Another type of transformation is creating interaction terms. I had written a long and involved descriptions of how interactions work and why you should care, but I deleted it; I think interactions deserve deserves its own post. Interactions capture additional impact of two variables combines that is not captured by considering each variable separately. The short version is that you can (and should) create interaction variables by multiplying variables together. The challenge: it is difficult to know which interactions to create. You could guess by now that I am not in favor of creating every possible interaction terms, you would create an enormous data set that would not be useful. I am a fan of creating interactions that, due to your understanding of your business, you think exist and making them a regular part of your transformation process.

Last piece, Load. I have nothing to say here. In most analytic platforms, once you have extracted the data, it is loaded. Really, the process for data analyst should be called ELT.

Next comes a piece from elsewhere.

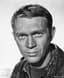 Foto di Steve McQueen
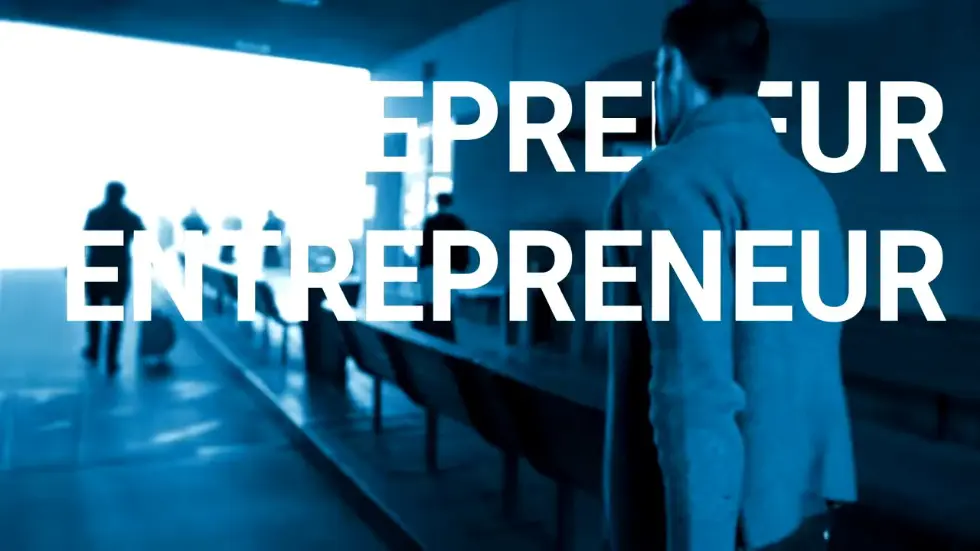 Why You Need to Proactively Change Your Thought Patterns & Beliefs | Gabby Bernstein; Impact Theory 001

Take aways? You want to be thoughtful about your transformation process. People often create tons of variables as a proxy for thinking deeply about the problem they are trying to solve. Creating big, dumb, datasets have real costs associated with them. Not least of which is that they are hard to analyze. Also, create a standard method for data cleaning and make sure everyone knows the standard.

OOO

Sorry for the radio silence. I have been traveling for the last 10 days and have little access to an internet connection. Today, I am speaking at the "Optimization Summit" in San Francisco, traveling back to DC tomorrow, and back in the harness on Friday. I have a new "Value Chain" post in the hopper and I'll post it in a couple of days.